By the same token, therefore, people with theistic beliefs should be called supernaturalists . . . . (p.28 )

Simple. So I’ve decided not to discriminate against those who believe in garden gnomes or leprechauns and revert to the catch-all “naturalist”. And those who confuse this with naturist might have more to think about than others.

The “Tu-Quoque/You too!” fallacy: Atheism is not a faith

The point of Grayling essay is to rebut the common fallacious claim that “atheism is itself a faith position”.

I’ve responded to this charge numerous times myself on various forums, and I suspect many of those who don’t want to think otherwise will simply ignore the obvious rebuttals to this charge:

People who do not believe in supernatural entities do not have a ‘faith’ in ‘the non-existence of X’ (where X is ‘fairies’ or ‘goblins’ or ‘gods’); what they have is a reliance on reason and observation, and a concomitant preparedness to accept the judgement of both on the principles and theories which premise their actions. The views they take about things are proportional to the evidence supporting them, and are always subject to change in the light of new or better evidence. ‘Faith’ – specifically and precisely: the commitment to a belief in the absence of evidence supporting that belief, or even (to the greater merit of the believer) in the very teeth of evidence contrary to that belief – is a far different thing. (p.34)

Faith, on the other hand, is belief in the absence of, even contrary to, the evidence. Grayling does not say it, but I can see no place for faith to intrude into scholarship that plies itself to understanding the literature and historical origins of any religion.

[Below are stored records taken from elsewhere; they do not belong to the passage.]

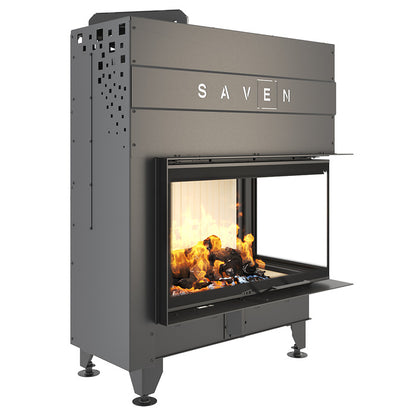 Șemineu SAVEN Energy Up 85х50х47R (17,0 kW) ECO Ghilotină – Sticlă laterală dreapta
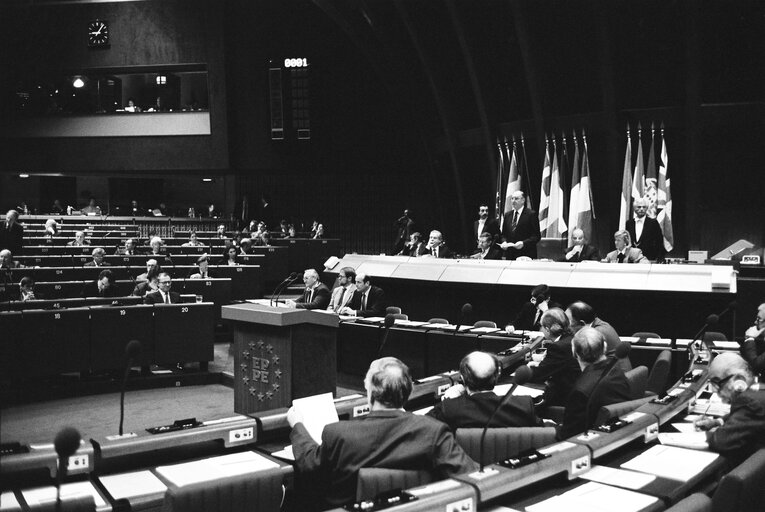 Fotografie 12: Plenary session in Strasbourg in november 1988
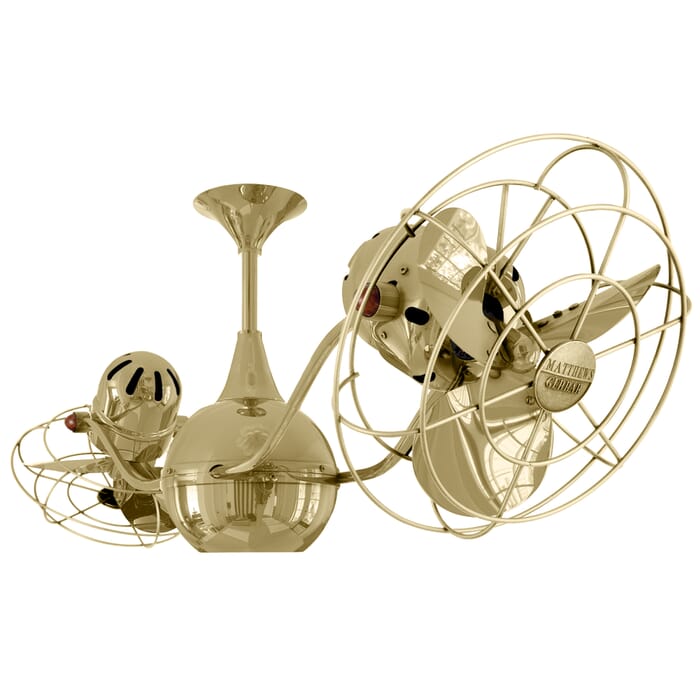 Vent-Bettina 3-Speed AC 42" Ceiling Fan in Polished Brass with Polished Brass blades Vent-Bettina 3-Speed AC 42" Ceiling Fan in Polished Brass with Polished Brass blades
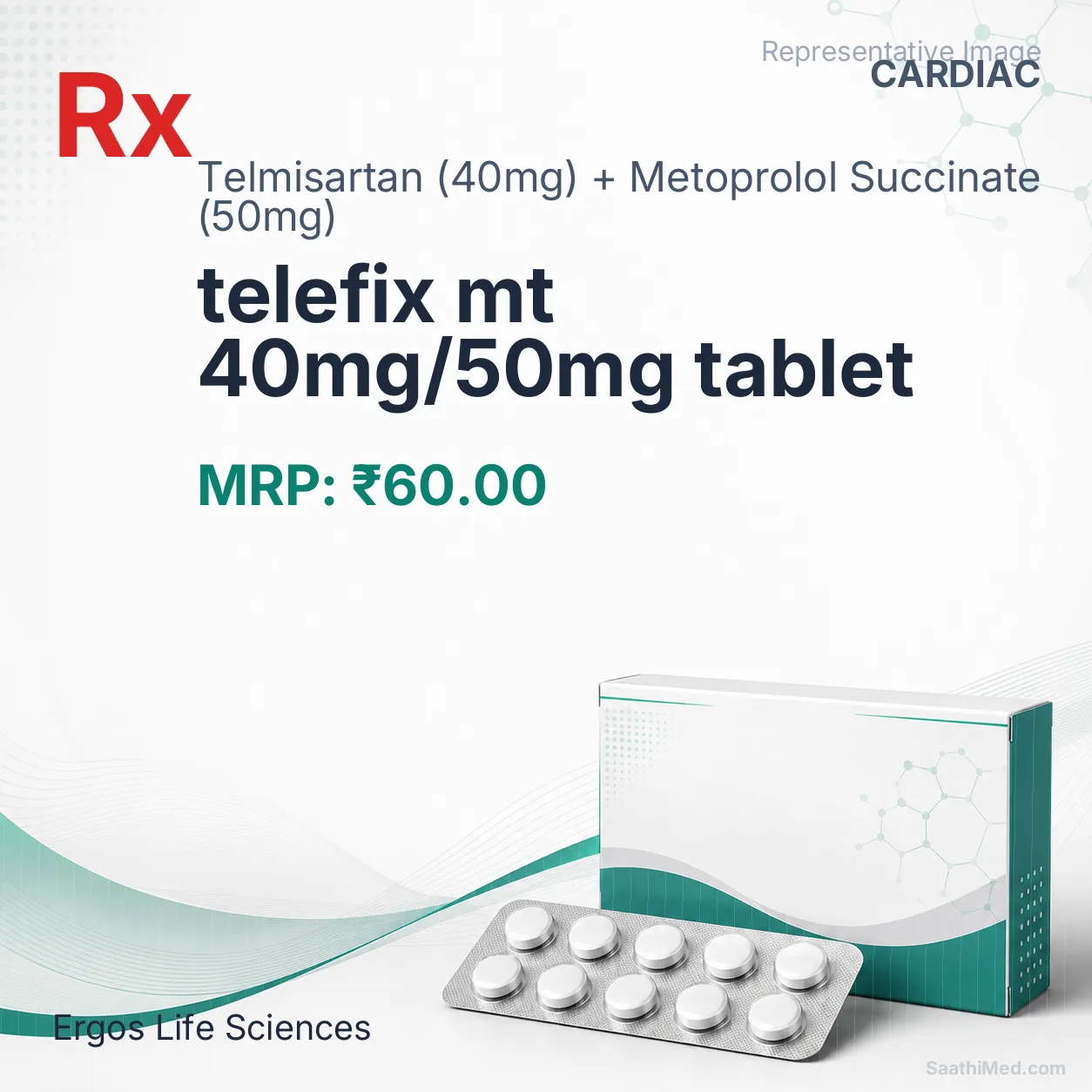 telefix mt 40mg/50mg tablet Allopathy (Telmisartan (40mg)) - Uses in Hindi, Side Effects, Substitutes & Price in India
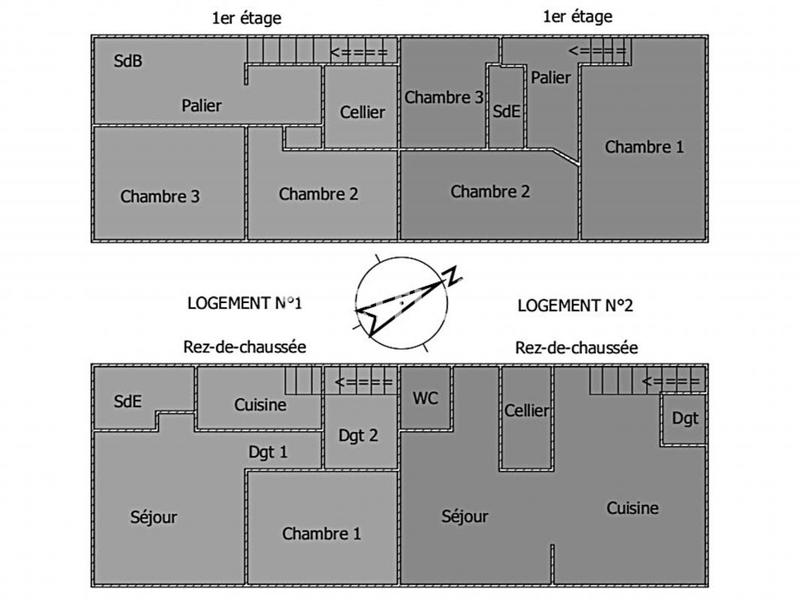 Immeuble - 198 m² - 9 pièces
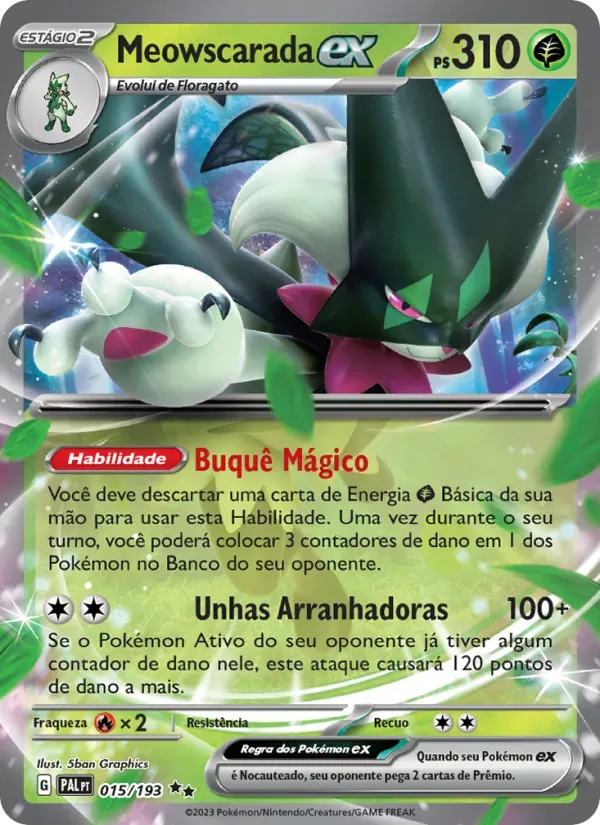 Meowscarada ex 015/193 Evoluções em Paldea
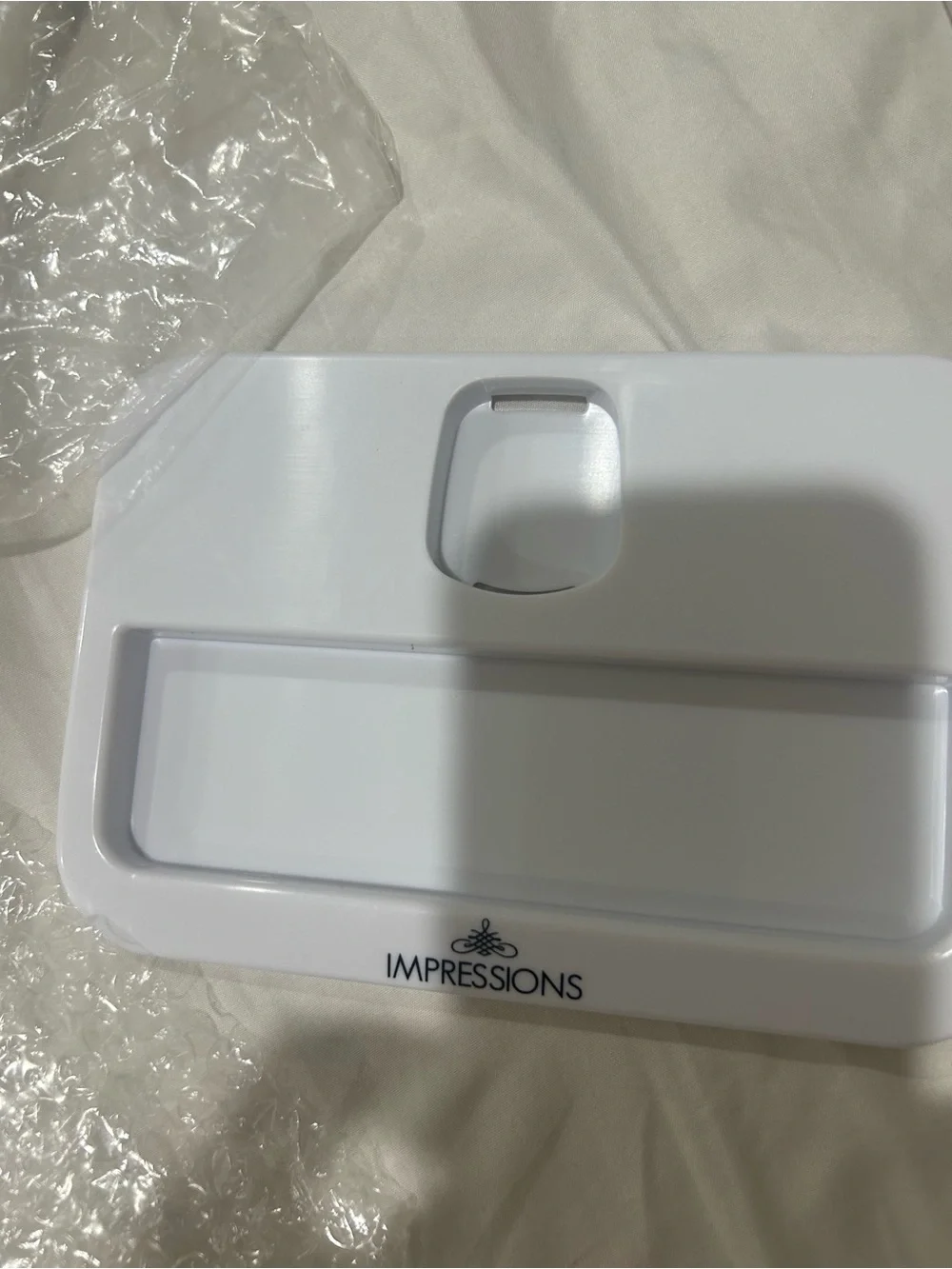 Impressions LED Lighted Makeup Mirror - Clear White Frame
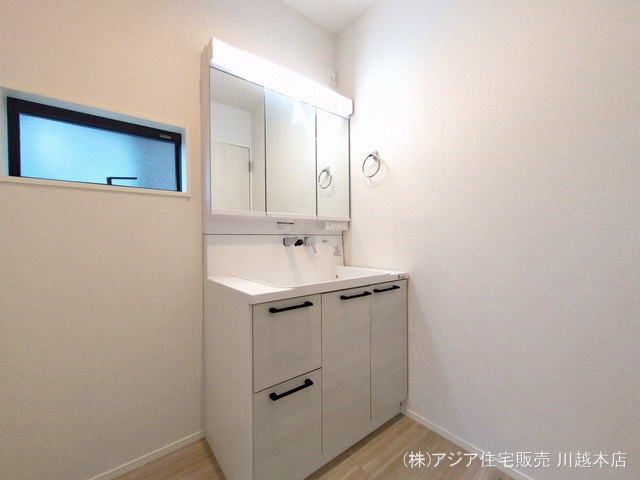 埼玉県川越市小仙波町２丁目の新築戸建て洗面所写真 2025年9月3日撮影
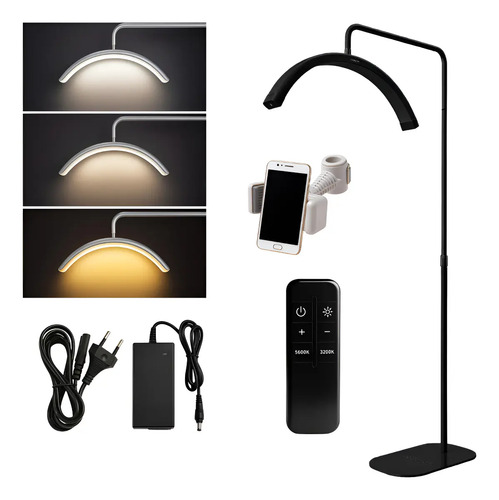 Luminária Meia Lua Pendente Led Profissional Regulagem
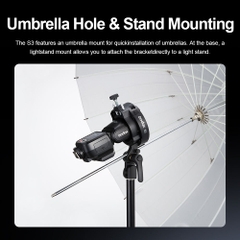 Godox S3 Ngàm chuyển Bowen Godox S3 cho V860 V1 V100 AD200 AD300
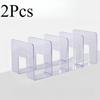 2pcs Clear Acrylic Purse Organizer, 4-Compartment Hanging Handbag Storage Rack, Closet Bag Divider Shelf for Tote, Clutch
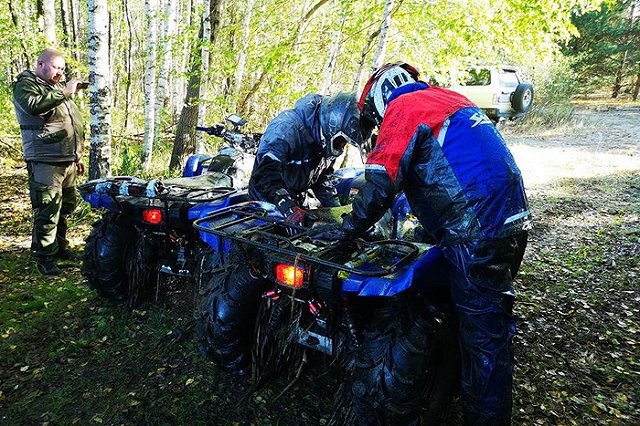 Сергей Карякин занял второе место на гонках на квадроциклах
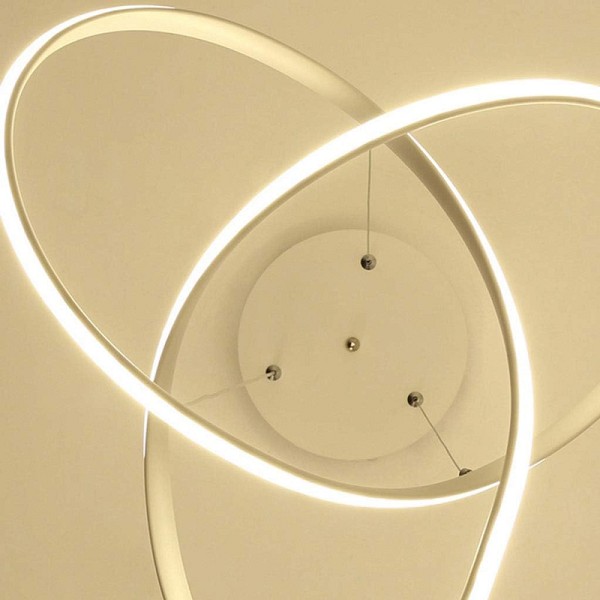 POWERTECH LED φωτιστικό οροφής HLL-0164, 50W, 4000K, Φ60cm, 1m, λευκό HLL-0164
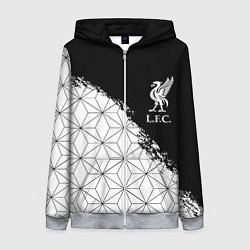 Женская толстовка на молнии Liverpool краски текстура геометрия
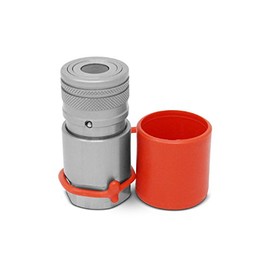 3/4" SAE -12 Skid Steer Bobcat Flat Face Hydraulic Quick Connect Female Coupler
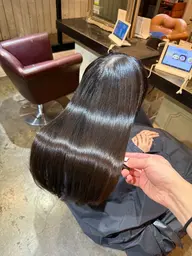 カット+髪質改善ストレート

The sad part is that some fundamentalist Christian “scholars” pretend to agree with this statement, but their escape hatch is to insist that it is “dishonest hyper-scepticism” to go beyond a superficial face-value acceptance of selected (not all) texts. They fail miserably to see that true scholarship means submitting even their favourite texts to verification. They really demand that we have faith in the surface reading of their canonical texts and only submit noncanonical texts to scholarly scrutiny.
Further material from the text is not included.